A pesar del pacto de silencio sobre la cumbre del Martes Santo convocada por Puigdemont, su llamamiento a la unidad delata el desgaste en las filas indepes por el doble frente de batalla: aliados ante el referéndum, rivales ante las elecciones. Eso ha provocado grietas en la lógica hasta ahora rocosa de Todo por la Independencia, variante del marcial Todo por la Patria, con el referéndum por encima de cualquier diferencia ideológica. La Santa Cruzada del Referéndum había bastado para mantener el orden, incluso en una plataforma antinatural de izquierdaderecha como JxSí aliada con los antisistema de la CUP; pero cada vez menos. Sin caer en la caricatura de Puigdemont como el Hitler final de El Hundimiento, vociferando en vano sobre una victoria imposible, grietas sí que hay: desde Forcadell, achicharrada, a la CUP hastiada del institucionalismo. De ahí esa cumbre urgente a dos semanas del 26 de abril, fecha del pleno de la independencia exprés.
La única estrategia hasta ahora ha sido referéndum o referéndum, sí o sí en 2017. Ayer insistían Puigdemont y Junqueras una vez más, en Le Soir. El mantra no cambia, ya sea con la retórica balsámica de Puigdemont o el matonismo verbal de la CUP. El presidente tuiteó a mediodía tras el quinto aviso del Tribunal Constitucional: «No dejaremos de ir adelante». Pero Esquerra anunciaba su plan de parados para proteger a los funcionarios en las urnas, y PDeCat le daba una respuesta destemplada: «De lo que hace o deja de hacer el Govern, informa el Govern». Zas. No era un fallo de comunicación, sino una consecuencia de esa doble batalla referéndum/elecciones, aliados y a la vez rivales: desconfianza. En definitiva ya no sólo operan con la hipótesis del éxito del referéndum, sino también su fracaso, con la prohibición previsible o un remake estéril del 9–N. Todo esto, más allá de la fantasía de la independencia exprés, conduce a elecciones.
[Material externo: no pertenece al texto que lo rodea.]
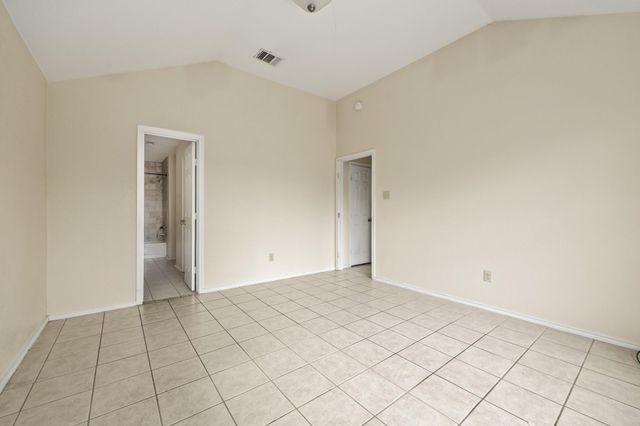 607 Saunders DR, Round Rock, TX 78664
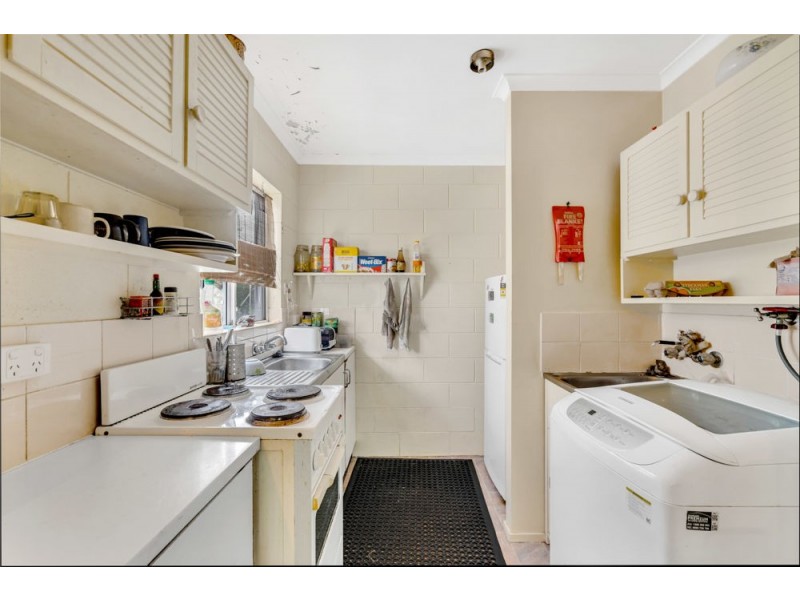 5/73-75 Toogood Road, Woree QLD 4868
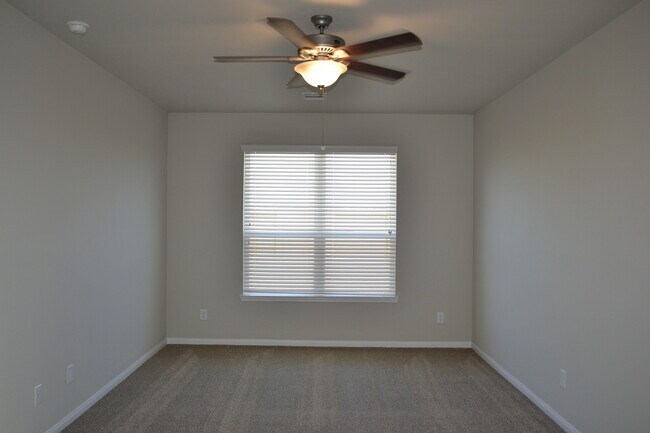 Building Photo - 4 Bedrooms 2.5 Baths House for lease in Ka...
La reunión del Martes Santo parte de una convicción: muchas guerras se pierden no en el frente de batalla, sino en las hostilidades internas de la retaguardia. La desconfianza mina la unidad. En Esquerra andan con ojeriza después de que una consejera reclamara a Junqueras que su orden de comprar urnas fuese por escrito; los convergentes se niegan a poner de nuevo a los mártires como el 9–N y sondean todo muy nerviosos, incluso la cena del lunes de tres consellers de Esquerra –«cena privada que no podemos comentar»– en El racó d’en Cesc. También censuran a las juventudes de la CUP. Así están las cosas en el processisme. Necesitan escenificar unidad pero se hacen un marcaje a la italiana. La Cumbre del Martes de hecho tenía algo del Consejo Central en El hombre que fue jueves.
Cuesta creer que los secesionistas tengan en algún lugar, oculta, su gran hoja de ruta para la independencia. Todo esto no sucede para despistar, sino por desorden e inseguridad. Claro que el Procés no es un Titanic naufragando en las aguas frías de la XII Legislatura tras chocar con el Imperio de la Ley, o al menos no de momento.
Pero probablemente nadie en el Procés descarta el naufragio. Hay determinación, pero también demasiadas dudas. Convergencia teme unas elecciones en que ellos se conviertan en irrelevantes y el nuevo eje de poder se desplace a la izquierda con Esquerra y los Comunes emergentes, que antepondrían la agenda social. Por eso se libran dos batallas –el referéndum y las elecciones– bajo la inquietante amenaza de ir del procés al decés.